• Material provided:
----------------

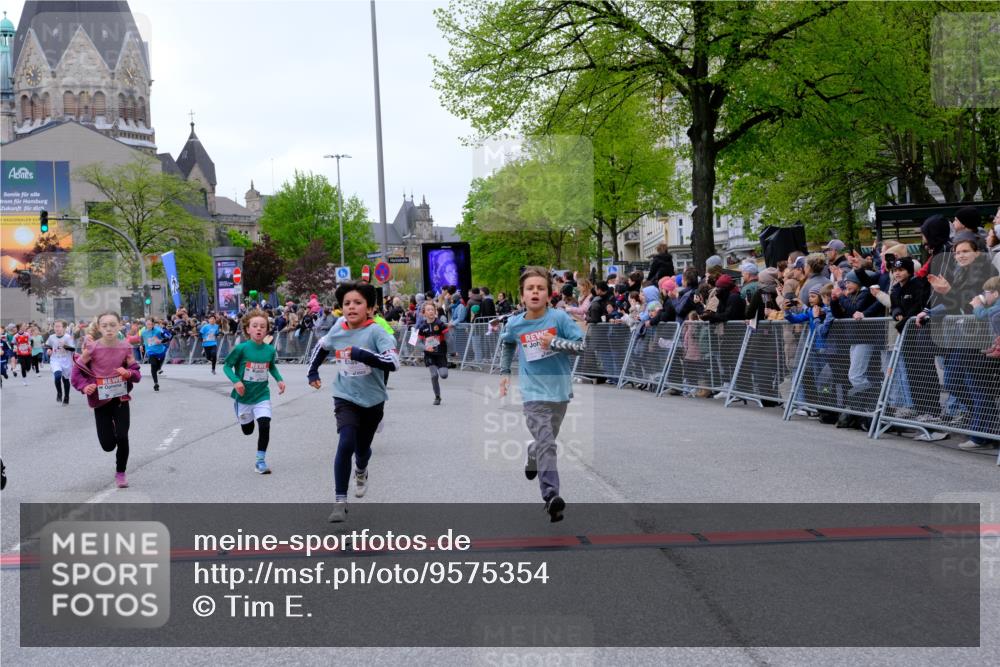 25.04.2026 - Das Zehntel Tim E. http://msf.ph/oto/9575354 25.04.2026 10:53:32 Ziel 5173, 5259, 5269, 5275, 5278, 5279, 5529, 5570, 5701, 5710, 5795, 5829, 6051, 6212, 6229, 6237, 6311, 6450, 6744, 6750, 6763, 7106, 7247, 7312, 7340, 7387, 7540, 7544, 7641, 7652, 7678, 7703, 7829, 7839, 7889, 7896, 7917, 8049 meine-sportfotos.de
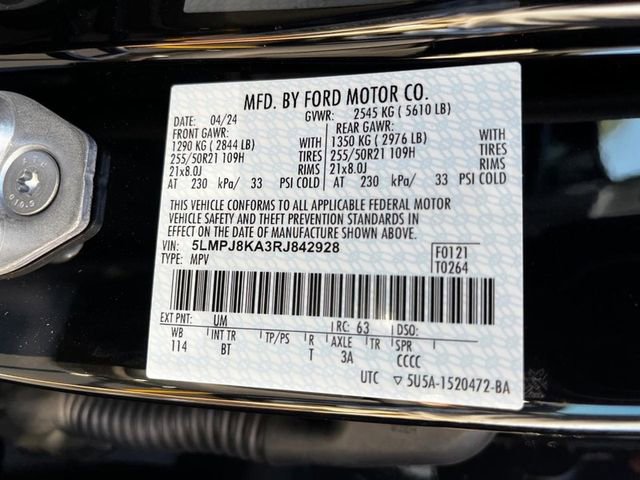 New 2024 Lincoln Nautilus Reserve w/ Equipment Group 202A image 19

----------------

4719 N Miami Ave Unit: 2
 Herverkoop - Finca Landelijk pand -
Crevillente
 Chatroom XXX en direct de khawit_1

----------------

Reproduce the listing above exactly from the line containing "25.04.2026 - Das" up to and including the line containing "New 2024 Lincoln", omitting any images and everything outside those lines.

 25.04.2026 - Das Zehntel Tim E. http://msf.ph/oto/9575354 25.04.2026 10:53:32 Ziel 5173, 5259, 5269, 5275, 5278, 5279, 5529, 5570, 5701, 5710, 5795, 5829, 6051, 6212, 6229, 6237, 6311, 6450, 6744, 6750, 6763, 7106, 7247, 7312, 7340, 7387, 7540, 7544, 7641, 7652, 7678, 7703, 7829, 7839, 7889, 7896, 7917, 8049 meine-sportfotos.de
 New 2024 Lincoln Nautilus Reserve w/ Equipment Group 202A image 19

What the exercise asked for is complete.